*Supplied entries:*
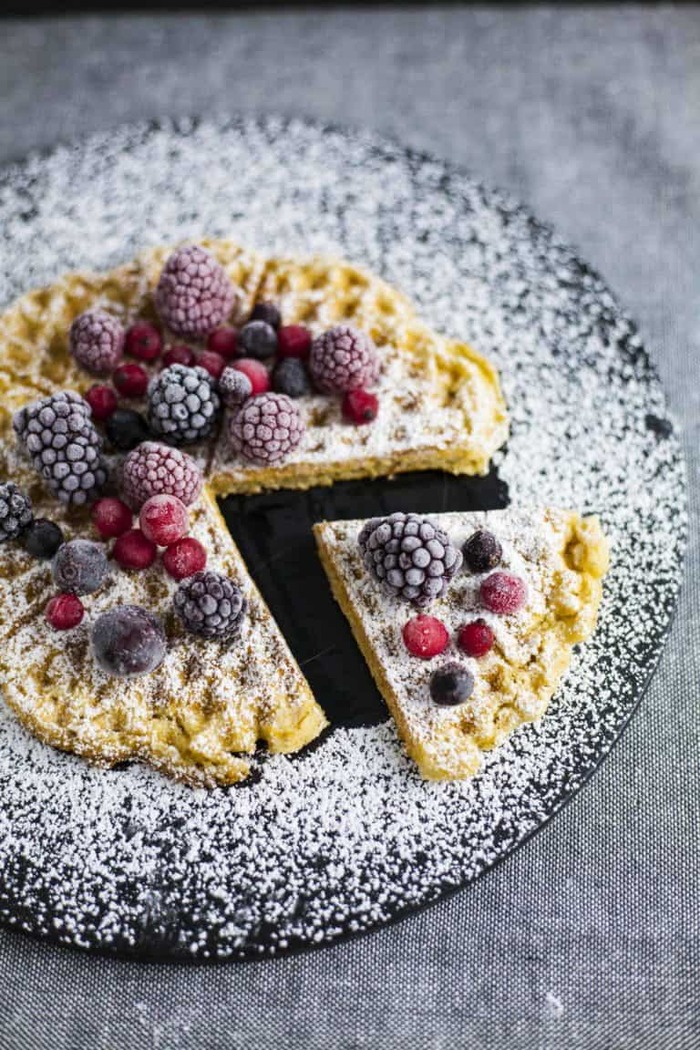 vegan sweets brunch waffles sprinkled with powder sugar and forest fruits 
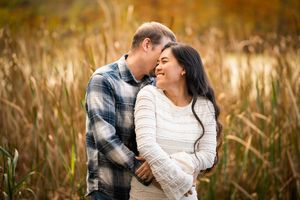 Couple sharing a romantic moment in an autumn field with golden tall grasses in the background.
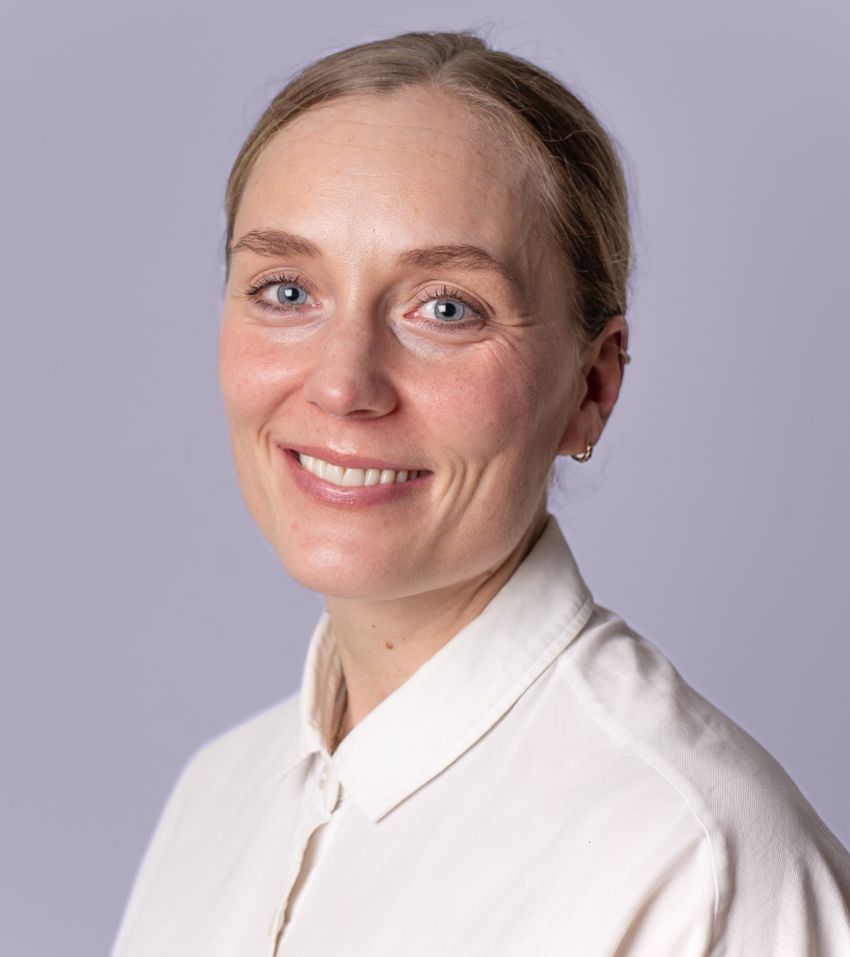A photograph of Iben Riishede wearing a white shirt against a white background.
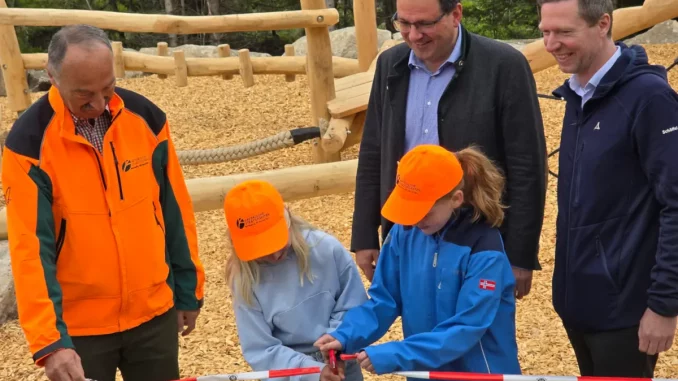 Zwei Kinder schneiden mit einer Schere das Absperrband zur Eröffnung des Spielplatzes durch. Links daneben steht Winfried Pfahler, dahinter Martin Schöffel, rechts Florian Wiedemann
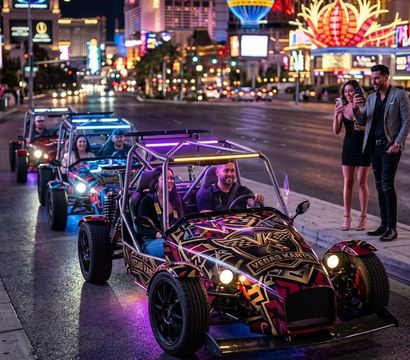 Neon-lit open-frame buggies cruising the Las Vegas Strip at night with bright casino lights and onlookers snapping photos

*Exercise details:*
All of the data must be set down exactly, with no pictures included.

*Expected output:*
 vegan sweets brunch waffles sprinkled with powder sugar and forest fruits 
 Couple sharing a romantic moment in an autumn field with golden tall grasses in the background.
A photograph of Iben Riishede wearing a white shirt against a white background.
 Zwei Kinder schneiden mit einer Schere das Absperrband zur Eröffnung des Spielplatzes durch. Links daneben steht Winfried Pfahler, dahinter Martin Schöffel, rechts Florian Wiedemann
 Neon-lit open-frame buggies cruising the Las Vegas Strip at night with bright casino lights and onlookers snapping photos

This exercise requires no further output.